With 90 degree banking:

$$N + F_c = 0$$

where [itex]F_c = - \frac{mv^2}{r}[/tex]In between:

$$N + W\cos{x} + F_c\sin{x} = 0$$

$$N = -W\cos{x} - F_c\sin{x}$$

$$N = -mg\cos{x} + \frac{mv^2}{r}\sin{x}$$AM

 

[Doc Al]

With 90 degree banking:

$$N + \frac{mv^2}{r} = 0$$


In between:

$$N + W\cos{x} + \frac{mv^2}{r}\sin{x} = 0$$ so:

Your "centrifugal force" terms have the wrong sign!

 

[Andrew Mason]

Your "centrifugal force" terms have the wrong sign!

I noticed that and was editing as you posted.

I should have changed it further: W = mg and g is negative.

Note that with 90 degree banking:

$$F_f + W = 0$$

so:

$$F_f = -W = - F$$

(that is, the friction force is in the -F direction, where F is in the direction of the positive x-axis ie up)

If we agree with the book authors that:

$$F = mg$$ then the authors are necessarily saying that g is negative.

So the textbooks are right. They are just using g as a negative.

AM

 

[Doc Al]

So the textbooks are right. They are just using g as a negative.

You are way too generous. If they really took g as negative then when the book says

F= mg sin(x)- mv^2/r cos(x)

that translates (using the standard positive g) to be:
F= - mg sin(x)- mv^2/r cos(x)

I don't think so.

 

[OlderDan]

So the textbooks are right. They are just using g as a negative.

AM

If g is negative, then the authors are saying both F and N are also negative.

F= mg sin(x)- mv^2/r cos(x)
N = mg cos(x) - mv^2/r sin(x)

It seems to me the discrepency is the minus in both of these equations when one of them should be plus. Changing the sign of g does not fix that.

 

[Andrew Mason]

If g is negative, then the authors are saying both F and N are also negative.

It seems to me the discrepency is the minus in both of these equations when one of them should be plus. Changing the sign of g does not fix that.

Ok. I agree. (I have to learn not to do PF at 4:00 in the morning). The normal force never changes direction whereas the force of friction does (as x changes from 0 to 90).

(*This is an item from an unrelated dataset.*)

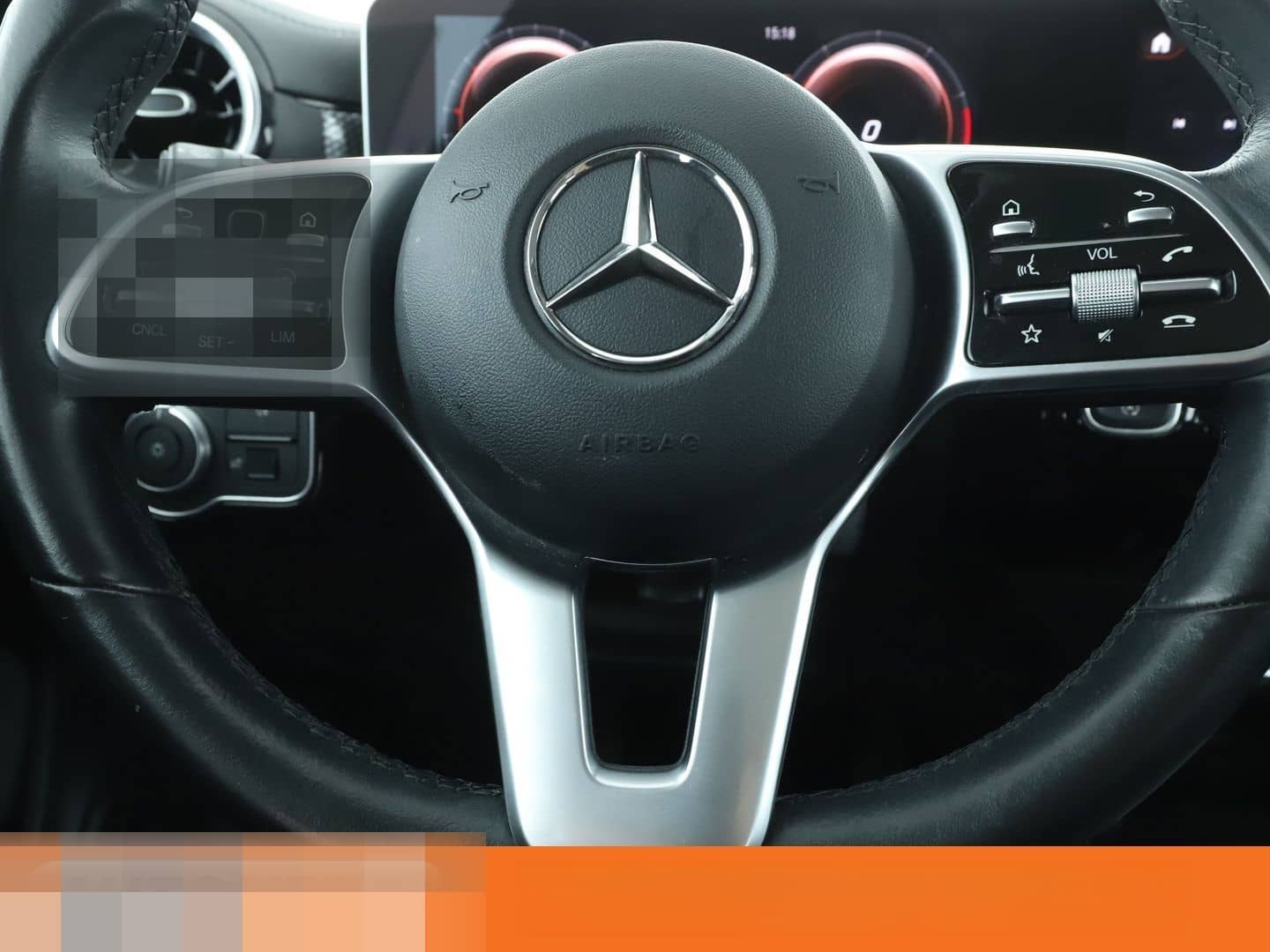 Mercedes-Benz CLA 180 Shooting Brake Progressive*LED*NAVI* foto 19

I would also agree with Chi's comment that this is an awkward way to analyse it because it requires using the frame of the moving car so the frame of reference (axes) changes with the angle. If one resolves the centripetal acceleration into components along each of the axes, the component along the surface is never positive and the normal component is never negative. Gravity components are always negative. Normal force is always positive and the direction of friction can be either depending on the angle

$$F_f - mg\sin{\theta} = ma_x = -\frac{mv^2\cos{\theta}}{r}$$

$$N - mg\cos{\theta} = ma_y = \frac{mv^2\sin{\theta}}{r}$$


AM

 

[Chi Meson]

I keep having the sneeking feeling that perhaps the books are right, but...

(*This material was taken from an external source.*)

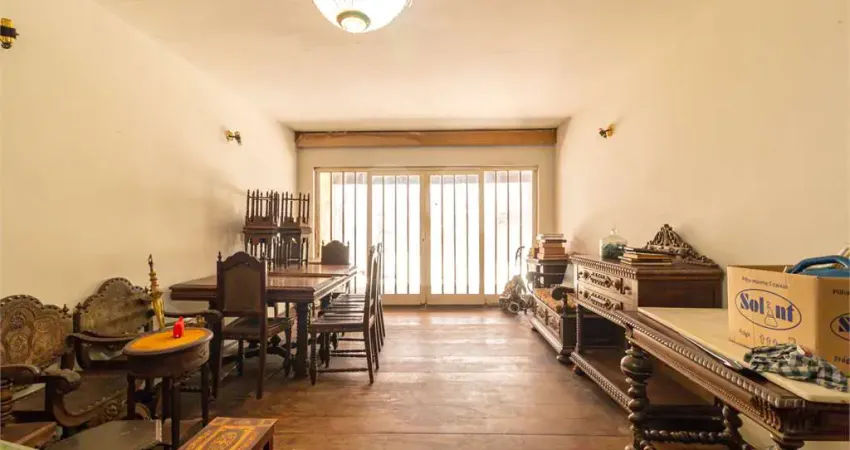 Casa com 3 quartos à venda na Chácara Monte Alegre, São Paulo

I've reanalyzed the problem from three points of view: an "equilibrium-centrifugal" reference frame, a "parallel-perpendicular" reference frame and a "horizontal-vertical" reference frame. The latter two gave me a fun little riminder of trig identities, and it was a good algebra work-out (and it was essentially in the link provided by OlderDan). Each time I ended up with OP being correct and books being incorrect.

I'm wondering now, are both books by the same author or publisher? Which books are they, and how old are they? It seems so bizarre.

Oh yeah, and... the "centrifugal" reference frame is actually the easiest method to produce a statement for finding the normal force in terms of mass, speed and angle. No wonder engineers like it.